All-New Nissan Qashqai
These days, the Nissan Qashqai is sleeker, feels more expensive inside and offers some of the most sophisticated electronic safety technology in the mid-sized SUV Crossover sector. With this third-generation range, all models get a 1.3-litre petrol turbo engine with a 12v mild hybrid electrified system. This adds 22kgs to the powertrain weight but claims to reduce CO2 emissions by 4g/km. The engine comes in either 138 or 156bhp forms, the latter available with the option of 4WD, a system now much improved. You can have either a 6-speed manual gearbox or a CVT auto. And if you don’t want a mild hybrid, there’s the option of an ePower engine with a bigger dose of electrification. The Qashqai ePower isn’t a plug-in – and it differs from Prius-like ‘self-charging’ parallel hybrids because the engine isn’t directly connected to the wheels. Instead, it charges a battery, which in turn powers an electric motor to drive the wheels. This MK3 Qashqai offers a much higher quality interior and there’s extra media and safety tech. Plus a little more rear seat and boot space.
New Fiat 500 EV
At last, an all-new third-generation Fiat 500. And contrary to appearances, everything is different. This is the very first all-electric car from the Fiat Chrysler Automobiles FCA conglomerate, a model to be marketed as the ‘New 500’ and sold alongside the existing petrol hybrid model, which continues for the foreseeable future. This latest car is fractionally bigger than that old second-generation model but continues to be offered in 3-door hatch and convertible body styles. Unlike some stylised direct EV segment rivals, there’s a proper driving range of nearly 200 miles with the volume 42kWh version.

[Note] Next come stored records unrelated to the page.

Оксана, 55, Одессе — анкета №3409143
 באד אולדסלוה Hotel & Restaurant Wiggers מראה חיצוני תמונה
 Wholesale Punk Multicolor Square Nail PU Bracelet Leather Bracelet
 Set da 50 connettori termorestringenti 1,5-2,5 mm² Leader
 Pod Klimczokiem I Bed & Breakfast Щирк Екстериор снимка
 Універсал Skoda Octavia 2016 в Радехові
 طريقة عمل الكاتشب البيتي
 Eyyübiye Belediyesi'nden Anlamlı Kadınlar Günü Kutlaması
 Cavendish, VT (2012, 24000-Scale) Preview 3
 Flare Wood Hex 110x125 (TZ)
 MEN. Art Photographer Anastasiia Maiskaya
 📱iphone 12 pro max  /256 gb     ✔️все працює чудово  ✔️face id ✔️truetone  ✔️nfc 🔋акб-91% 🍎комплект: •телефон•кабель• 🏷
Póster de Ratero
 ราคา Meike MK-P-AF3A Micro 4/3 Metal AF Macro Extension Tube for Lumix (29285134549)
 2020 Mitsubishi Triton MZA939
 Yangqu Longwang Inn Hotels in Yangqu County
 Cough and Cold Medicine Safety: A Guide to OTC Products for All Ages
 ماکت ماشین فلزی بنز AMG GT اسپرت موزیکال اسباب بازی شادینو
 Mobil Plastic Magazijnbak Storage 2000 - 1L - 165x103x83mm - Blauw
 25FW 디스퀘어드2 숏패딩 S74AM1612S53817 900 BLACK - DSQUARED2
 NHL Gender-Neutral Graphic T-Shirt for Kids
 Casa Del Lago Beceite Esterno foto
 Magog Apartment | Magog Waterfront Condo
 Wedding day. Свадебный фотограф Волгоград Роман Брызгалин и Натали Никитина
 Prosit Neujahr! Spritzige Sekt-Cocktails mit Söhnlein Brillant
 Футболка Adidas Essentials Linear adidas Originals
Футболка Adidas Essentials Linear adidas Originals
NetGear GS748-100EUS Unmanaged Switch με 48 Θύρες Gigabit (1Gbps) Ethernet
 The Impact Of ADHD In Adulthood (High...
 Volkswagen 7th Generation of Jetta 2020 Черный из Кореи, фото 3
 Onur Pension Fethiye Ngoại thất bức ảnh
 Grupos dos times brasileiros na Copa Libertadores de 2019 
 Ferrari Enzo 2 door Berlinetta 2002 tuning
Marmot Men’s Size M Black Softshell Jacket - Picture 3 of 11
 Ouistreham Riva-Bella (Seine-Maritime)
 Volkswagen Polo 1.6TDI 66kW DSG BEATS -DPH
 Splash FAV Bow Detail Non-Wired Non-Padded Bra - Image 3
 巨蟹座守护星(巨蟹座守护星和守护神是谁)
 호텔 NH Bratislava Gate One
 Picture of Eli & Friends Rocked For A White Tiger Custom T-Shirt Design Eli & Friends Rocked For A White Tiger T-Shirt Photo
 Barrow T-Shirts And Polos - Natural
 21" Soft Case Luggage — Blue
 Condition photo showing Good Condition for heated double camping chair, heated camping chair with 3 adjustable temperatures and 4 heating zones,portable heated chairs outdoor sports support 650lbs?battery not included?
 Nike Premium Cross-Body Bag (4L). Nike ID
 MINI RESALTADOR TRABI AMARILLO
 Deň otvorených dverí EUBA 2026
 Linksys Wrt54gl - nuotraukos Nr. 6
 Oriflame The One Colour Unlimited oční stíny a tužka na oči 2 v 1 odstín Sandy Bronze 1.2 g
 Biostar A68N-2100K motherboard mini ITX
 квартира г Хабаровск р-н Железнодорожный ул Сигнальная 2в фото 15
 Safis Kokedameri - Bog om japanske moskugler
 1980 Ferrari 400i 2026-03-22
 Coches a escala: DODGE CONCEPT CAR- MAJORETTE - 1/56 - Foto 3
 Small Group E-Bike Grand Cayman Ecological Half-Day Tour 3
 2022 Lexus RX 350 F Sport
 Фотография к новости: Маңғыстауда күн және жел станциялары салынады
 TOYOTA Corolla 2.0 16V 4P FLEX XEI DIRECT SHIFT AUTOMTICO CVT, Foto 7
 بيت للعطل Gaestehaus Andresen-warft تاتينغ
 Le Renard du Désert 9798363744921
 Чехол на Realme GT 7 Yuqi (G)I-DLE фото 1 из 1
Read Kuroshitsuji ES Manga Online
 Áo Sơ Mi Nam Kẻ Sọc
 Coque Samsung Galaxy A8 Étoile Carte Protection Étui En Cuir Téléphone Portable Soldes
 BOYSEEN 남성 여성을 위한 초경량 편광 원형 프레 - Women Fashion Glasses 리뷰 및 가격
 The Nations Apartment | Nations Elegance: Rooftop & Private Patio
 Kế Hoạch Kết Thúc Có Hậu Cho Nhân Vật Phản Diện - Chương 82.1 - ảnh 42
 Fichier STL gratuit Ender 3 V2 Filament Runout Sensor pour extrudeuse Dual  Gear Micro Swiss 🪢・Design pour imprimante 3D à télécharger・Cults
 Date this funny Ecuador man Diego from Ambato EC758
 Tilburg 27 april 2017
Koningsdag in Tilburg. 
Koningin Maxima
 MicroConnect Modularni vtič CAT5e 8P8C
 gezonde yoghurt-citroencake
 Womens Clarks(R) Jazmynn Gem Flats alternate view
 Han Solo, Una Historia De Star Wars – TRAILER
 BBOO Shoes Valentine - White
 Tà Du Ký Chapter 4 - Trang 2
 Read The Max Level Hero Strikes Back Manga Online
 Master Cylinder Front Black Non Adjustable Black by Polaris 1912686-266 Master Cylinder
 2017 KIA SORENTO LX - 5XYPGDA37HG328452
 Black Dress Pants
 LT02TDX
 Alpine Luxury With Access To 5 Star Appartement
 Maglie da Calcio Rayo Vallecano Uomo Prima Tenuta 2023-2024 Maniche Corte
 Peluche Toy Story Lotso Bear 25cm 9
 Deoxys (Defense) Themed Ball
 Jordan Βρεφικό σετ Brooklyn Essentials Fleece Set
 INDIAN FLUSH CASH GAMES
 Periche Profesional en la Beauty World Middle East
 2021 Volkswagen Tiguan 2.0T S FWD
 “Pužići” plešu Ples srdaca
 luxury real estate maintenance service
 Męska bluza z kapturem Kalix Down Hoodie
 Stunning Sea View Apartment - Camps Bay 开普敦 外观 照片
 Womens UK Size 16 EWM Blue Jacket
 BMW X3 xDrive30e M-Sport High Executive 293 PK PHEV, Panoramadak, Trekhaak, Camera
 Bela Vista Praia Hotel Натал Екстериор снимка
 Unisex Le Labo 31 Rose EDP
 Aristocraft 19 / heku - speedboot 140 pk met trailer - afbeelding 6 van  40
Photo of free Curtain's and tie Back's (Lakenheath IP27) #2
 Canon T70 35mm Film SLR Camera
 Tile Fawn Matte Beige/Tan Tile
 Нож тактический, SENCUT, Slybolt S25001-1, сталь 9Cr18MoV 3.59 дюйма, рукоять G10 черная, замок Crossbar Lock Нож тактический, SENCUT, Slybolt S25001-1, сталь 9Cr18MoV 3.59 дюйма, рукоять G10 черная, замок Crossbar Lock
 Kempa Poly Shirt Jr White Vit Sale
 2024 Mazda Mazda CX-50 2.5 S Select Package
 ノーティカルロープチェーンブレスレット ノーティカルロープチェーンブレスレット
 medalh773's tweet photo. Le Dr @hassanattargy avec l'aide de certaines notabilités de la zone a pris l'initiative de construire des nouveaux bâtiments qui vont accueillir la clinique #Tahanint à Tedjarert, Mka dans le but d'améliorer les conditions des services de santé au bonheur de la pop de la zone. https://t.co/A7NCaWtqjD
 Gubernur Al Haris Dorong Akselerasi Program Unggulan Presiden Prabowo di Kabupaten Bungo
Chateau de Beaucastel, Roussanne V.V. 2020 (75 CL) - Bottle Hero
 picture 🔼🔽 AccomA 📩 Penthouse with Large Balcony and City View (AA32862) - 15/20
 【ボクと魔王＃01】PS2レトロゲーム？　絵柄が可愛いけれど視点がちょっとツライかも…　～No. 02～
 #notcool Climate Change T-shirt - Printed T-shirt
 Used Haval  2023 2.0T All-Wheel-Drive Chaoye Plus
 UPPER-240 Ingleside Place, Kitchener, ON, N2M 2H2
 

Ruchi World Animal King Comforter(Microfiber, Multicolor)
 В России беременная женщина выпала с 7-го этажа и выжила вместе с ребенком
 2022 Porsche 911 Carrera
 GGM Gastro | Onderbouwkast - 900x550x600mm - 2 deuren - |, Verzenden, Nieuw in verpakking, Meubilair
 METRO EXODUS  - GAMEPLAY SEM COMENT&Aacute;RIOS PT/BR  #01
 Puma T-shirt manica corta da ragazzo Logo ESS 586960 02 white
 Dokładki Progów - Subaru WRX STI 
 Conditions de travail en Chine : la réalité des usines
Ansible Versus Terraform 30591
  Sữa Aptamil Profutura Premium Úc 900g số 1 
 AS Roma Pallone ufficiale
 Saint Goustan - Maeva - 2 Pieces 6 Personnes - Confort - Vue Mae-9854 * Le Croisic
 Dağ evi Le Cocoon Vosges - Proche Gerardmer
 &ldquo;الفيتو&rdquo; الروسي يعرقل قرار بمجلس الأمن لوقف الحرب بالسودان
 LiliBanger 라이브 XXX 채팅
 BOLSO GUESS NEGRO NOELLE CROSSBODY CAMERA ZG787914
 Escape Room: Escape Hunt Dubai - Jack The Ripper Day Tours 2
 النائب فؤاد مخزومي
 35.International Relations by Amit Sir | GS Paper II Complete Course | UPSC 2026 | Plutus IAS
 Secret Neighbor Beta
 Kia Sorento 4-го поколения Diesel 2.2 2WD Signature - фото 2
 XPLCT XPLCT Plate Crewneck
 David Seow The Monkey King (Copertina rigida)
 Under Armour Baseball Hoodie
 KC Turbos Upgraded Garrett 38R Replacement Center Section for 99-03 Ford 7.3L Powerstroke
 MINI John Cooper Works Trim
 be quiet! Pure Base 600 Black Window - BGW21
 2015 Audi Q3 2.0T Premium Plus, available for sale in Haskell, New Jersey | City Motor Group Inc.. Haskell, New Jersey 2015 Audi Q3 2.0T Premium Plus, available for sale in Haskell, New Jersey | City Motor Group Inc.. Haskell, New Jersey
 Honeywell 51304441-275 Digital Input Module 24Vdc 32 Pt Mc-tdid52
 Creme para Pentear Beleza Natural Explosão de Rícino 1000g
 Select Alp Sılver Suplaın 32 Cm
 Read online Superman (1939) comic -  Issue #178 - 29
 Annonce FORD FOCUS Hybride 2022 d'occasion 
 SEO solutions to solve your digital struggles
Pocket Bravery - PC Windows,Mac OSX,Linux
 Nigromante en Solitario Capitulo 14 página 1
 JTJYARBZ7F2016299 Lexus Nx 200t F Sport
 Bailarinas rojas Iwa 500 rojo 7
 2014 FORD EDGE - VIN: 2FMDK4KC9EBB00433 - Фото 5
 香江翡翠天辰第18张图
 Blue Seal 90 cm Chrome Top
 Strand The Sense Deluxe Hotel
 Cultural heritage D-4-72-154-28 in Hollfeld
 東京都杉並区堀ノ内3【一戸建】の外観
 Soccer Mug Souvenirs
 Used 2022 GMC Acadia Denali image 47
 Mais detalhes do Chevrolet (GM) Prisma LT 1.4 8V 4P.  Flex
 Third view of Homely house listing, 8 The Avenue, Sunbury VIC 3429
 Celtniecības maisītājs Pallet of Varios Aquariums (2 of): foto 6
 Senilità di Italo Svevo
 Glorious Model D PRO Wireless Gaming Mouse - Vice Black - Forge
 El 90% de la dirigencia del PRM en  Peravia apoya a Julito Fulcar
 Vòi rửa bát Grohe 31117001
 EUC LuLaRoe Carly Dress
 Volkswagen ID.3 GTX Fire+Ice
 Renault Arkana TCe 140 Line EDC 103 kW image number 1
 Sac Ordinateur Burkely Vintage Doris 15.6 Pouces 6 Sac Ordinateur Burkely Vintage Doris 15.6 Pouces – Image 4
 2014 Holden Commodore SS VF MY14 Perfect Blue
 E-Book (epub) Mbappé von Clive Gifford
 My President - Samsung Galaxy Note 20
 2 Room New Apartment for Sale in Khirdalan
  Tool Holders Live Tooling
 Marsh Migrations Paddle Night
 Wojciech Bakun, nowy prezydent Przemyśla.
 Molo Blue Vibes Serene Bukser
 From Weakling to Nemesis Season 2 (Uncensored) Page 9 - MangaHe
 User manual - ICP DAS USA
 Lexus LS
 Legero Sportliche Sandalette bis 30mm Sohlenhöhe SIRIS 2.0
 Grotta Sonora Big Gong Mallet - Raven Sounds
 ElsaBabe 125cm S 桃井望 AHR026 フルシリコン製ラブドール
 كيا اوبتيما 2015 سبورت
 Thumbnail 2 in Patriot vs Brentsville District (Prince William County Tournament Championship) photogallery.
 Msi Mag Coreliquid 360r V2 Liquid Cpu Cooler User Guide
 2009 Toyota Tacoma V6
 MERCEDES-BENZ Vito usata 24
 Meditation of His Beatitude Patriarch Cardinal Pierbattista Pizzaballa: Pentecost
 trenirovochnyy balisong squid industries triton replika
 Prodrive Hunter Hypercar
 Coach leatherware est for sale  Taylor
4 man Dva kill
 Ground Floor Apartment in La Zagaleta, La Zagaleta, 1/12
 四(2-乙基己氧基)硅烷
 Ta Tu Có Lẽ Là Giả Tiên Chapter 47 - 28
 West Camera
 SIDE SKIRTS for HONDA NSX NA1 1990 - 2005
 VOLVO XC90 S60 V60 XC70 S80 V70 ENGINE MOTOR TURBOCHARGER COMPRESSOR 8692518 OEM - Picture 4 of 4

So is this new EV-era 500 worth aspiring to? We think many loyal buyers will think so. It’s just as stylish as its MINI Electric and Honda-e rivals and sets a new high bar in terms of driving range for a tiny EV that embarrasses both of them. Which goes some way to justify a high price that hopefully will become more accessible as the range broadens. This is no longer the cheap ‘Peoples’ Car’ it once was. But without a doubt, it retains the spirit of the original.
Hyundai Kona Hybrid
If you’re after a small Crossover that’s particularly city-orientated and you’re not quite ready to take the plunge into full-EV motoring, then this Hyundai Kona Hybrid might prove to be a very good pick. This variant hasn’t garnered as many headlines as the fully battery-powered Kona Electric but in reality, right here, right now, it’s probably the better pick for the majority of likely buyers.
Obviously, the key competitor on Hyundai’s radar here is the Toyota C-HR. Well, that car represents tough opposition but there’s certainly plenty of room in the full-hybrid part of this class for both cars and this Kona represents a slightly better value proposition. We think it’s a car the segment will like.